A current of \(30\,\text{A}\) each flows in opposite directions in two conducting wires, placed parallel to each other at a distance of \(8\,\text{cm}\). The magnetic field at the mid point between the two wires is _____ \(\mu\text{T}\). \(\left(\frac{\mu_0}{4\pi}=10^{-7}\,\text{}^2\right)\)

• A. \(30\)
• B. \(300\)
• C. \(150\)
• D. \(0\)

Answer 1

The Correct Option is B

Concept: Magnetic field due to a long straight current carrying wire: \[ B=\frac{\mu_0 I}{2\pi r} \] If currents flow in opposite directions, magnetic fields at the midpoint add.
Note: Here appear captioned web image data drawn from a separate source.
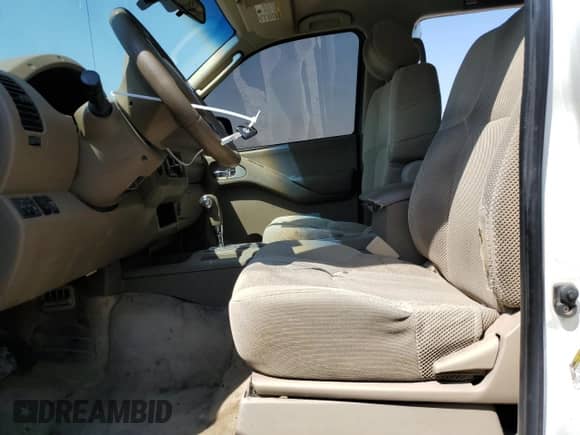 2006 Nissan Frontier SE with VIN 1N6AD07U16C402700, listed as a Copart auction lot 68516475 with 252,284 mi miles and Salvage title. Bid and sale history available at DreamBid. Image 7.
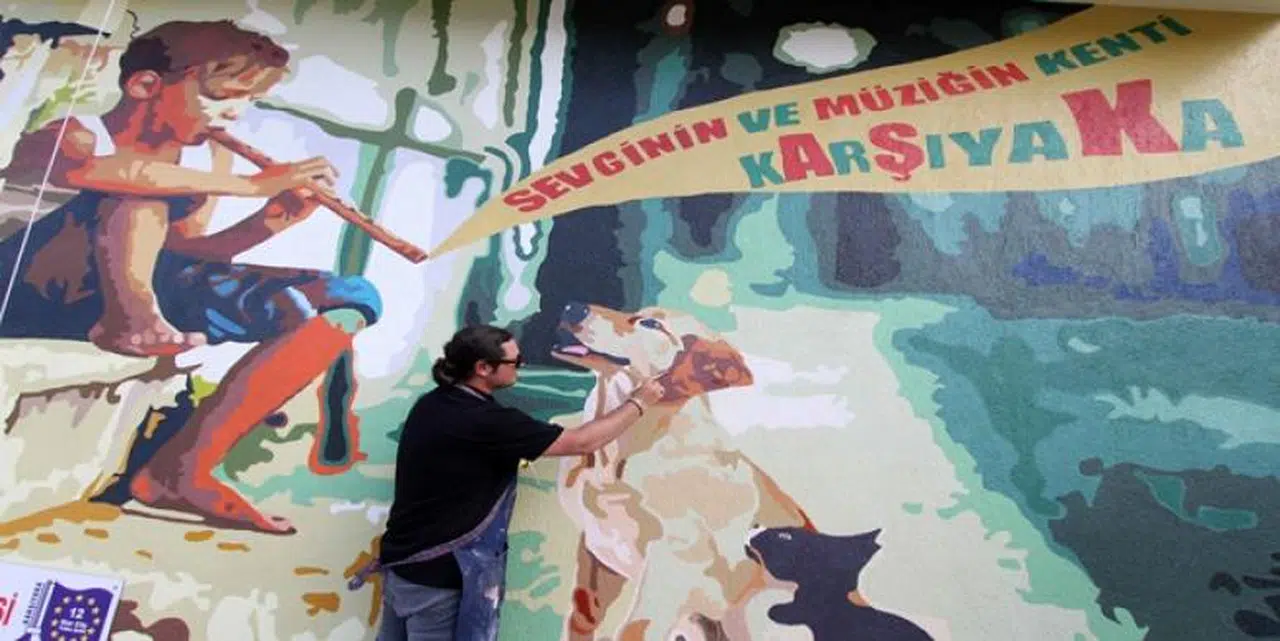 KARŞIYAKA'DA SANAT SOKAĞA TAŞTI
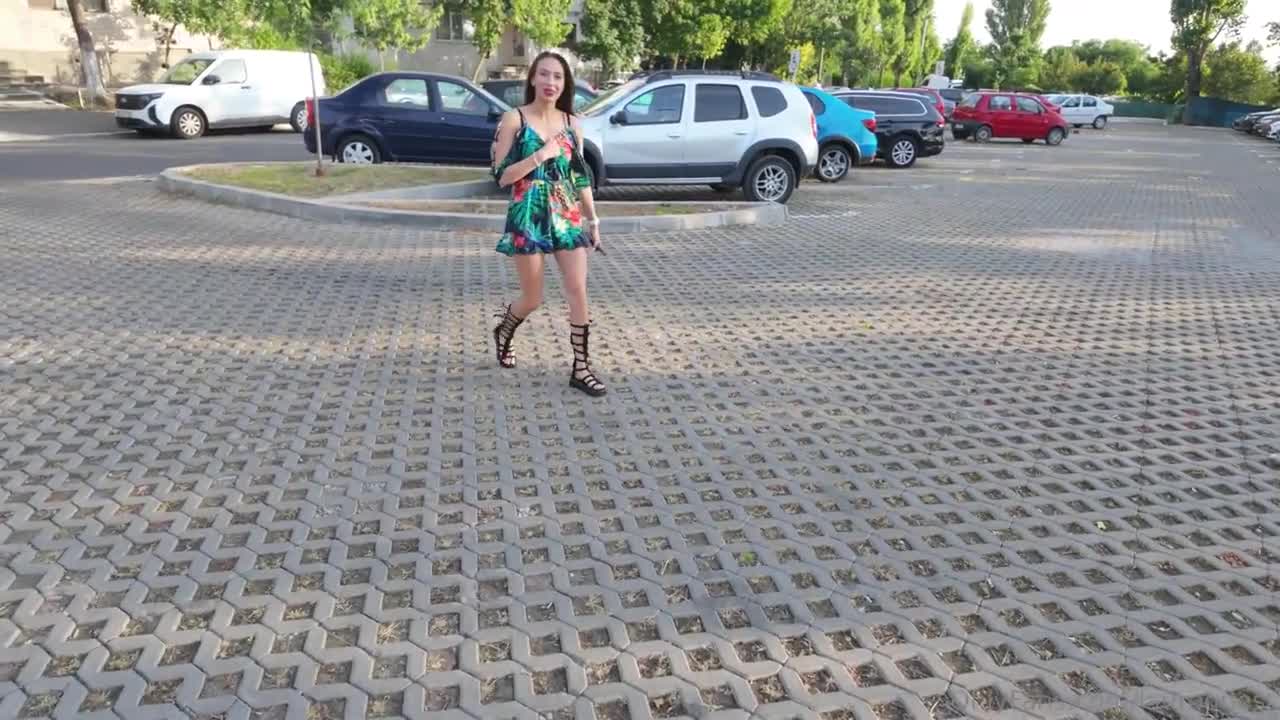 Laura Quest – Neighbor Give Herself In Exchange For Wi Fi Password
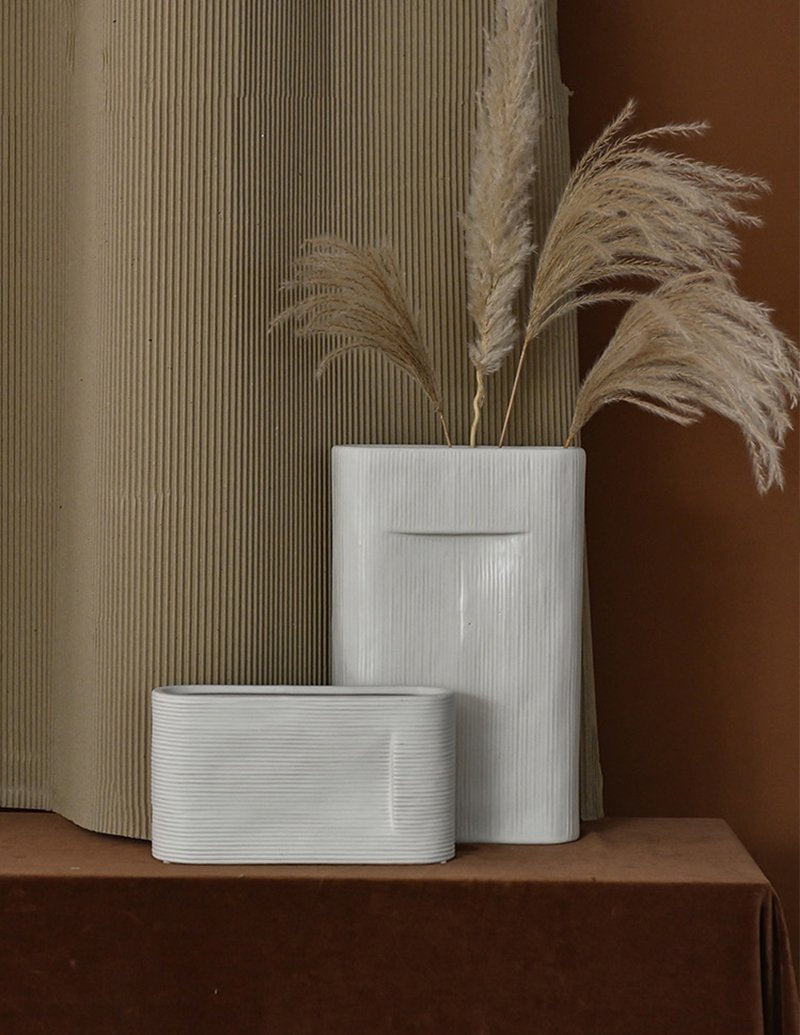 2-Piece Ceramic Flower Vases with Oval White Stripe Design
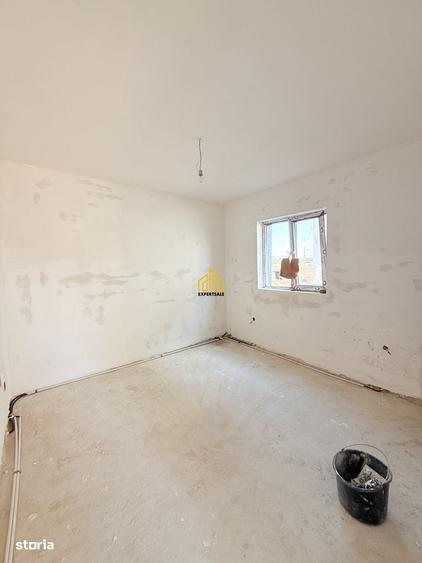 Casă cu 4 camere cu Teren 250 Mp în Clinceni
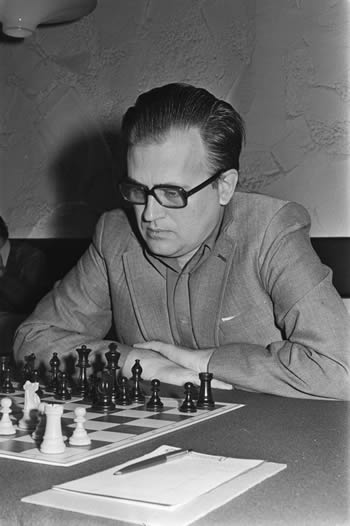 Larsen - Tal 3rd place Candidates Playoff (1969) chess event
Step 1: {Determine distance from each wire.} Distance between wires: \[ d=8\,\text{cm} \] Distance from midpoint to each wire: \[ r=4\,\text{cm}=0.04\,\text{m} \] Step 2: {Magnetic field due to one wire.} \[ B=\frac{\mu_0 I}{2\pi r} \] Since \[ \frac{\mu_0}{4\pi}=10^{-7} \] \[ \frac{\mu_0}{2\pi}=2\times10^{-7} \] Thus \[ B=\frac{2\times10^{-7}\times30}{0.04} \] \[ =1.5\times10^{-4}\,\text{T} \] Step 3: {Add fields from both wires.} Since fields are in same direction: \[ B_{total}=2\times1.5\times10^{-4} \] \[ =3\times10^{-4}\,\text{T} \] Convert to \(\mu\text{T}\): \[ 3\times10^{-4}\times10^6 \] \[ =300\,\mu\text{T} \]